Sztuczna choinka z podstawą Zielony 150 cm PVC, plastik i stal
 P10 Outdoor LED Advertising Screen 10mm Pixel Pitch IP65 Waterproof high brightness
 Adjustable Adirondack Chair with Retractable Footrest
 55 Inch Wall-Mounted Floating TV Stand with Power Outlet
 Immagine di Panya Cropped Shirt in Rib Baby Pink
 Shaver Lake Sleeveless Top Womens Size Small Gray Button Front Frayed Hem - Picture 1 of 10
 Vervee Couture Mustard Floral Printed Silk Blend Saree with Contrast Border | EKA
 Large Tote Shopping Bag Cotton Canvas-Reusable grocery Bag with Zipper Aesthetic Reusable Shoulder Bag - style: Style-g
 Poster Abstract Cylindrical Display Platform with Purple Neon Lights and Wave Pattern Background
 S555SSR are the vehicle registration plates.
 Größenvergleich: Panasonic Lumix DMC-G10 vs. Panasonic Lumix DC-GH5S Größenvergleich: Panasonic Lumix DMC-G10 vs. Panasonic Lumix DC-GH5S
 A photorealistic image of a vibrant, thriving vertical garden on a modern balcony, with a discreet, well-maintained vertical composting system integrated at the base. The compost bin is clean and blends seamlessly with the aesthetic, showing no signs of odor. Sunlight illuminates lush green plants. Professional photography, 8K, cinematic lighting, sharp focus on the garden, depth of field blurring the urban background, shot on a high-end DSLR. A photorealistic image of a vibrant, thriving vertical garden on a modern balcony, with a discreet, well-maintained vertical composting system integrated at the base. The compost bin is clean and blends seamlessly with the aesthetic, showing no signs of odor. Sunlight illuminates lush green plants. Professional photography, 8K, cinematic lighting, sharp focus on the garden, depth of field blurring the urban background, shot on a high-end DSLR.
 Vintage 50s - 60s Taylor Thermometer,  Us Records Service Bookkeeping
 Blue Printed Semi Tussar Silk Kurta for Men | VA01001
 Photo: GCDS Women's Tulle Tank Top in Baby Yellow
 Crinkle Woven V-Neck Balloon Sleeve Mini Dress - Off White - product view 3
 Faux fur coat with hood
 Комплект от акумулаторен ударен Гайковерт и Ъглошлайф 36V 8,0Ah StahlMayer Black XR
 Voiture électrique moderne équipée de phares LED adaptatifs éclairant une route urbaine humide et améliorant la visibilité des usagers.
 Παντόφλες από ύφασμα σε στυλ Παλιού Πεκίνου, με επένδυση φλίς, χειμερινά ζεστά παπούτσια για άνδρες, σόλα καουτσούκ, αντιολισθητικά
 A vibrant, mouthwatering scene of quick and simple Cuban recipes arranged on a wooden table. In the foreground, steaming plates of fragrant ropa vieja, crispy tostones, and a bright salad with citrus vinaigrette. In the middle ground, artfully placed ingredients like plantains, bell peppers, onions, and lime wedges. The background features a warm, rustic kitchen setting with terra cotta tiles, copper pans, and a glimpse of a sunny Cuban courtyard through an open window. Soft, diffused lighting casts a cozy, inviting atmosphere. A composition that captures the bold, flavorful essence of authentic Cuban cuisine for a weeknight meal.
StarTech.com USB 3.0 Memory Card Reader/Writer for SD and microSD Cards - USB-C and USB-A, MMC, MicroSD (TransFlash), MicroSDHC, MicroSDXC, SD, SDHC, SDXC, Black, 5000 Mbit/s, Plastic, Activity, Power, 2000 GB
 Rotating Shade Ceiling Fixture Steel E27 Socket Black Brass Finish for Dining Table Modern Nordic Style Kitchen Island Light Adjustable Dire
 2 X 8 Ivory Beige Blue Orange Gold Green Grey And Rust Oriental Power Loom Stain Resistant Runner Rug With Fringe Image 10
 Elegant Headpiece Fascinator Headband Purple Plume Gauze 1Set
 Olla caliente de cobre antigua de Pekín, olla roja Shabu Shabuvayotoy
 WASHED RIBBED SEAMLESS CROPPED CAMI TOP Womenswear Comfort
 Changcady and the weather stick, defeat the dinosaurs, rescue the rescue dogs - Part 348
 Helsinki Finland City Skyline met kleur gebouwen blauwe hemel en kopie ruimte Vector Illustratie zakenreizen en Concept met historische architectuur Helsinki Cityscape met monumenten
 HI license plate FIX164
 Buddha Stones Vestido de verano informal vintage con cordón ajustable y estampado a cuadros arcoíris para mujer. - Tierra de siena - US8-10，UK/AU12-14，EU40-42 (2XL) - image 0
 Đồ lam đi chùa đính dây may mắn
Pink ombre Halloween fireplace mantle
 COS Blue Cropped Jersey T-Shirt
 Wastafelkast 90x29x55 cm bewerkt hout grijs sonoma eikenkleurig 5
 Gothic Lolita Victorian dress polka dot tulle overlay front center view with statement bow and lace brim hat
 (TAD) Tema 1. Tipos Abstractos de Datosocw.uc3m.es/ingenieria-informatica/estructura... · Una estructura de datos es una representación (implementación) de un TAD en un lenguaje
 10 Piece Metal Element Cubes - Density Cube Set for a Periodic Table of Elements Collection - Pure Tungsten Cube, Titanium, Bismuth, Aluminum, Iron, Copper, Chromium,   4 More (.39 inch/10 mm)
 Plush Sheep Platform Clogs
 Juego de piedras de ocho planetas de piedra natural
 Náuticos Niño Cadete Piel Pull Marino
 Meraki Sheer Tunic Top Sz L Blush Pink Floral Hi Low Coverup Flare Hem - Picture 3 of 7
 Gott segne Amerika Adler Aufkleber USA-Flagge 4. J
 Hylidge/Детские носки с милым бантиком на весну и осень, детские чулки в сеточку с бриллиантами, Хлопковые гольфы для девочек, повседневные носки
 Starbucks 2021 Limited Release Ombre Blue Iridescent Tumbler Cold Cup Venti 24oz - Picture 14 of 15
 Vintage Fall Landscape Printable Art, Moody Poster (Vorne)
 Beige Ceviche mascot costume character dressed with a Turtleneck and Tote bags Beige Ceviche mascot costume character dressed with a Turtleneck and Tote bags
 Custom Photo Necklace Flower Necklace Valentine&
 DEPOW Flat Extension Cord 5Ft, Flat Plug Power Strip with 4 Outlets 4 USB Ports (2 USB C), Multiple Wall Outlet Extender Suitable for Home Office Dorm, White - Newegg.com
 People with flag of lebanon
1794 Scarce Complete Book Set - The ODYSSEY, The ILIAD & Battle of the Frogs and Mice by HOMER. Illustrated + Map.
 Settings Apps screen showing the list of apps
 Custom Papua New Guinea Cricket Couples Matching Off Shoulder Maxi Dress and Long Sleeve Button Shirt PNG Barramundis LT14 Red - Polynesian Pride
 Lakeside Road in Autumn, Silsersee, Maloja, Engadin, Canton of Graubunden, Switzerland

____

Which lines above contain the word "White"? Copy all of them.

*Response to this task*.
 Crinkle Woven V-Neck Balloon Sleeve Mini Dress - Off White - product view 3
 DEPOW Flat Extension Cord 5Ft, Flat Plug Power Strip with 4 Outlets 4 USB Ports (2 USB C), Multiple Wall Outlet Extender Suitable for Home Office Dorm, White - Newegg.com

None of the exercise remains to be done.